The Verge points out concerns that civil liberties advocates have raised over the nationwide facial recognition database’s inclusion of photographs of citizens that have not been accused of crimes. According to the Electronic Frontier Foundation, the FBI plans on acquiring over 52 million photos of Americans for this database by 2015. In addition to traditionally-included biometric content like mug shots and fingerprints of criminals, the FBI has been including photos of non-criminals in the system, which are being taken from records of background checks that include photographs or fingerprints, like those sometimes required for employment at certain types of jobs.
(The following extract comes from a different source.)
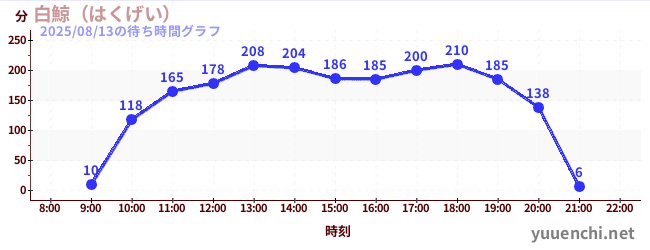 1日前の待ち時間グラフ（白鯨（はくげい）)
The EFF notes that the FBI estimated that, by 2015, it would have 4.3 million photos of non-criminals in its databases.

Said Jennifer Lynch in her paper for the Electronic Frontier Foundation, “This means that even if you have never been arrested for a crime, if your employer requires you to submit a photo as part of your background check, your face image could be searched—and you could be implicated as a criminal suspect—just by virtue of having that image in the non-criminal file.” Lynch also argued that the system relies on low resolution images and is often inaccurate, which, combined with its inclusion of non-criminals in the database, could lead to false arrests, “…the FBI has disclaimed responsibility for accuracy, stating that ‘[t]he candidate list is an investigative lead not an identification.'” The system provides the top 50 possible facial matches to each image searched, meaning, if the true match does not exist in the database, a similar-looking false positive could be investigated simply because it appears in the database.

The facial recognition system is capable of analyzing videos to identify individual faces amid a crowd of people, leading civil liberties advocates to worry that the Interstate Photo System could one day be used to monitor Americans’ activities over publicly-positioned closed-circuit television spy cameras. The FBI hopes to expand these biometric databases in a multimodal way, incorporating retina scans, fingerprints, and facial and voice recognition data into master files on individuals. Over 18,000 law enforcement agencies will be able to access the Next Generation Identification program.